= What is expected =
Pictures aside, repeat every record below exactly.

═════ Data shown ═════

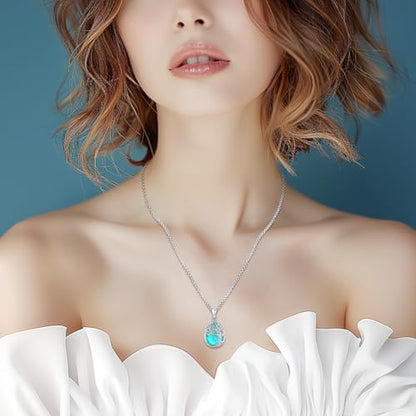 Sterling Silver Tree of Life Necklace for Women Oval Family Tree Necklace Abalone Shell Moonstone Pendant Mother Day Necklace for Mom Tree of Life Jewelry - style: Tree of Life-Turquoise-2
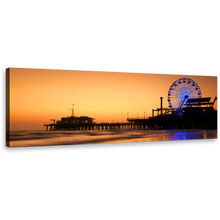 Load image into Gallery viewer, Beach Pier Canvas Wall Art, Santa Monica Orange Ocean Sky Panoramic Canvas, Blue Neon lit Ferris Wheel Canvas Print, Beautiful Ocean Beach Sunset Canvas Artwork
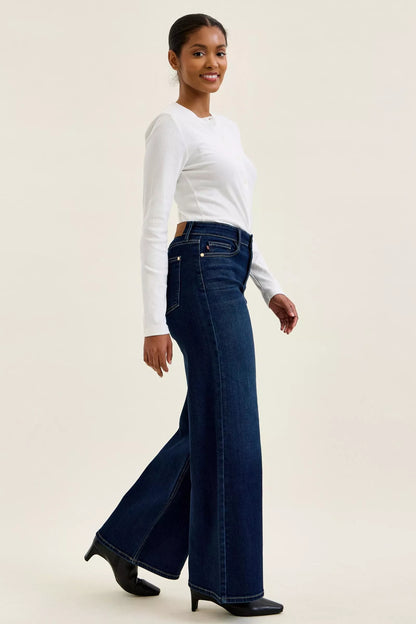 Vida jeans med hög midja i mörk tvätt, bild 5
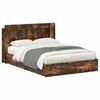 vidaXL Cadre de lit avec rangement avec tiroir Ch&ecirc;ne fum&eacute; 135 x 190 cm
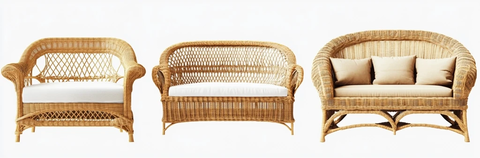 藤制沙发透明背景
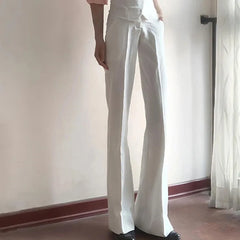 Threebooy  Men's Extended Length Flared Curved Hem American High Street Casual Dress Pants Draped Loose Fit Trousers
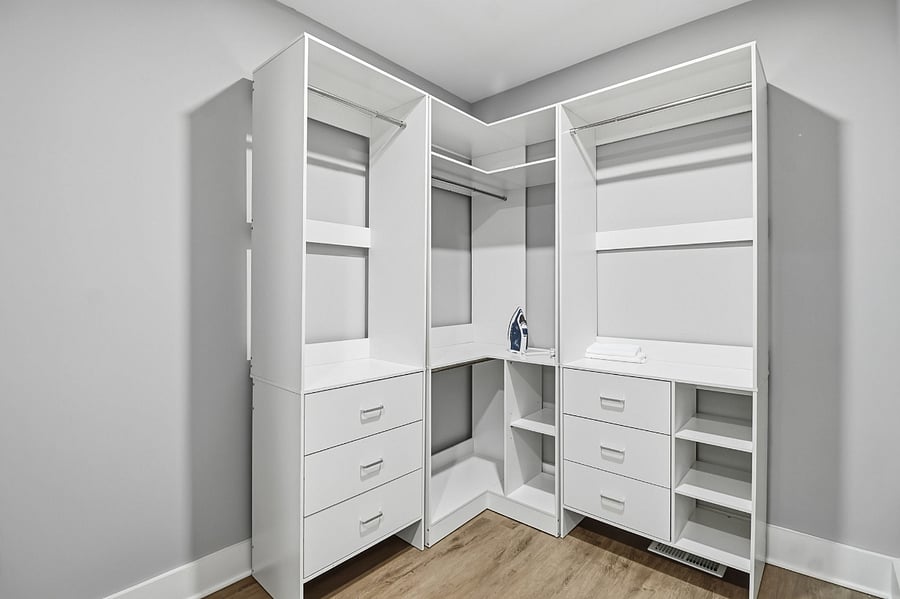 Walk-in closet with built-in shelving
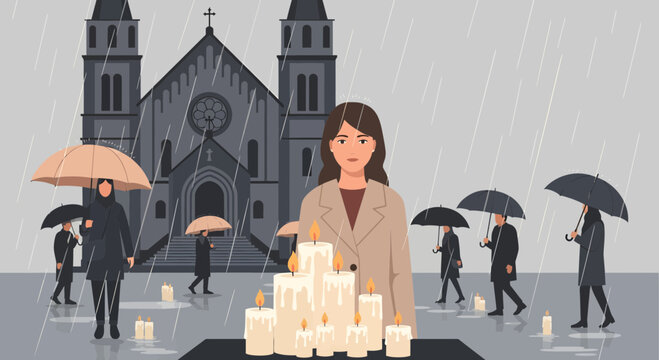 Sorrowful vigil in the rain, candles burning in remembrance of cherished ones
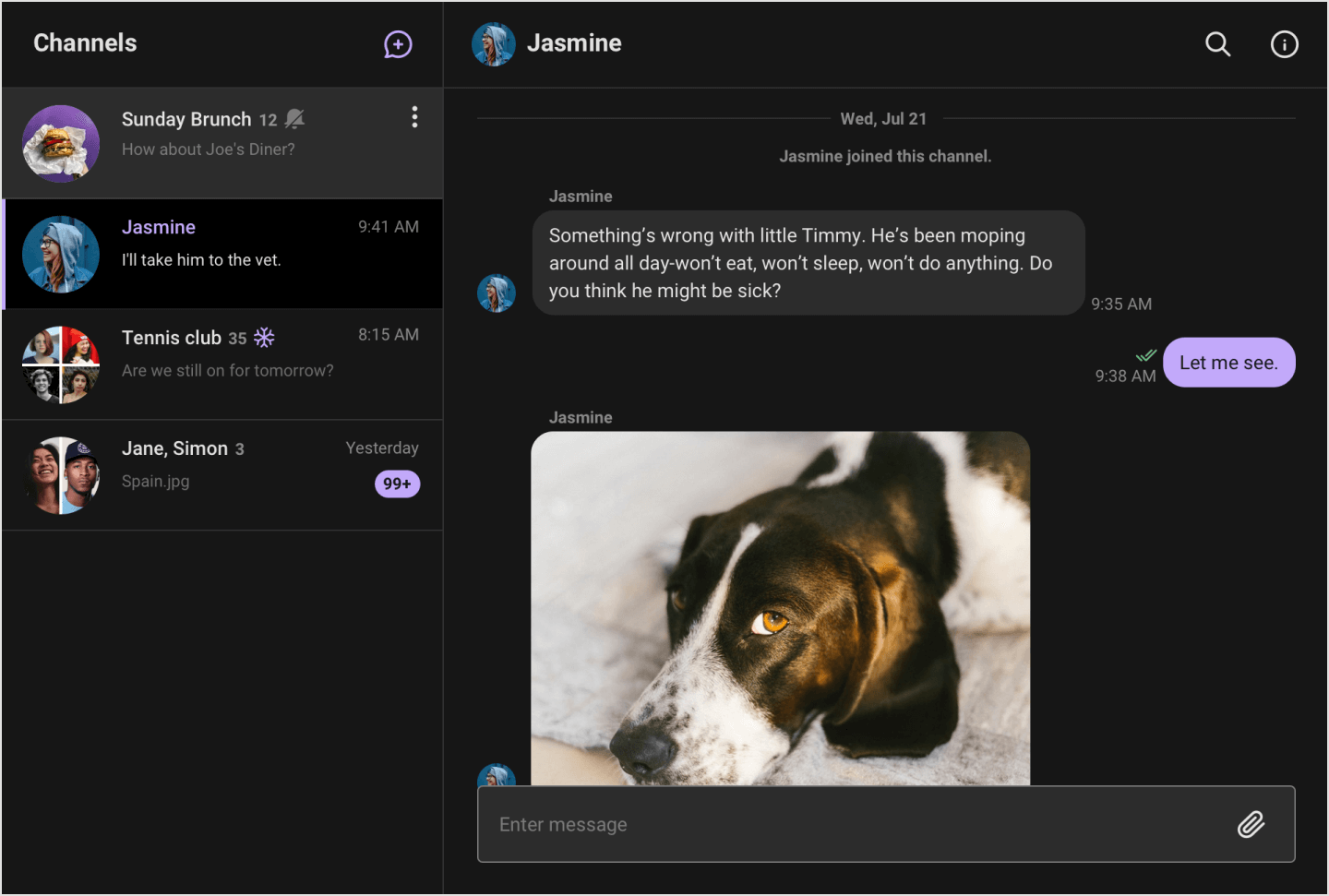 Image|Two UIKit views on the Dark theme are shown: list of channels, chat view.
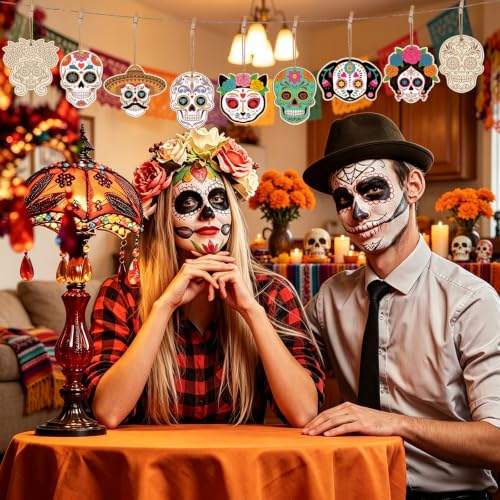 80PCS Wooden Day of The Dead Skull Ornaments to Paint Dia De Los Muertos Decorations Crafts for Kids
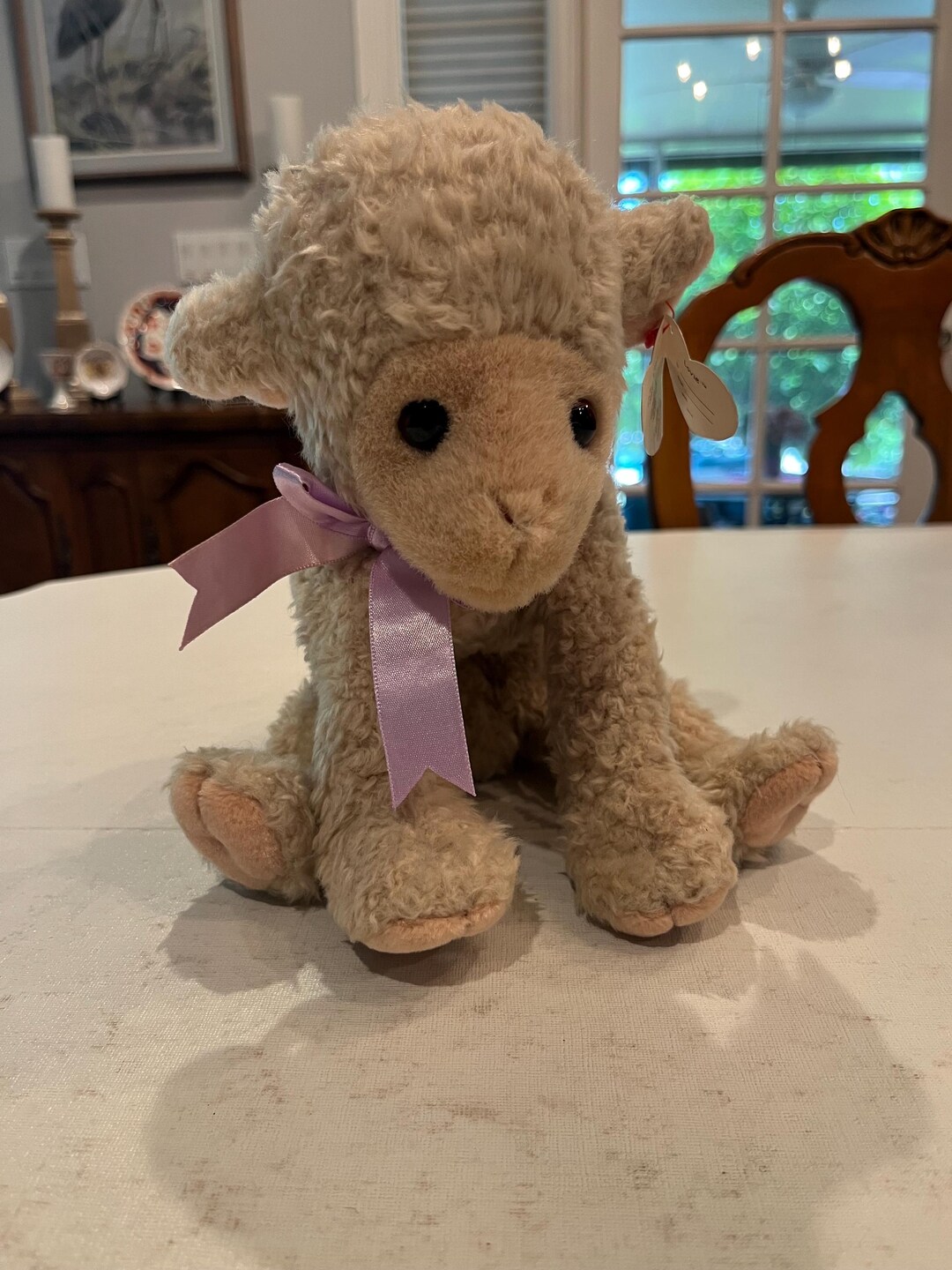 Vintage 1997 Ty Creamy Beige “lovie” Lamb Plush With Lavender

═════

= Exercise solution =
 Sterling Silver Tree of Life Necklace for Women Oval Family Tree Necklace Abalone Shell Moonstone Pendant Mother Day Necklace for Mom Tree of Life Jewelry - style: Tree of Life-Turquoise-2
 Load image into Gallery viewer, Beach Pier Canvas Wall Art, Santa Monica Orange Ocean Sky Panoramic Canvas, Blue Neon lit Ferris Wheel Canvas Print, Beautiful Ocean Beach Sunset Canvas Artwork
 Vida jeans med hög midja i mörk tvätt, bild 5
 vidaXL Cadre de lit avec rangement avec tiroir Ch&ecirc;ne fum&eacute; 135 x 190 cm
 藤制沙发透明背景
 Threebooy  Men's Extended Length Flared Curved Hem American High Street Casual Dress Pants Draped Loose Fit Trousers
 Walk-in closet with built-in shelving
 Sorrowful vigil in the rain, candles burning in remembrance of cherished ones
 Image|Two UIKit views on the Dark theme are shown: list of channels, chat view.
 80PCS Wooden Day of The Dead Skull Ornaments to Paint Dia De Los Muertos Decorations Crafts for Kids
 Vintage 1997 Ty Creamy Beige “lovie” Lamb Plush With Lavender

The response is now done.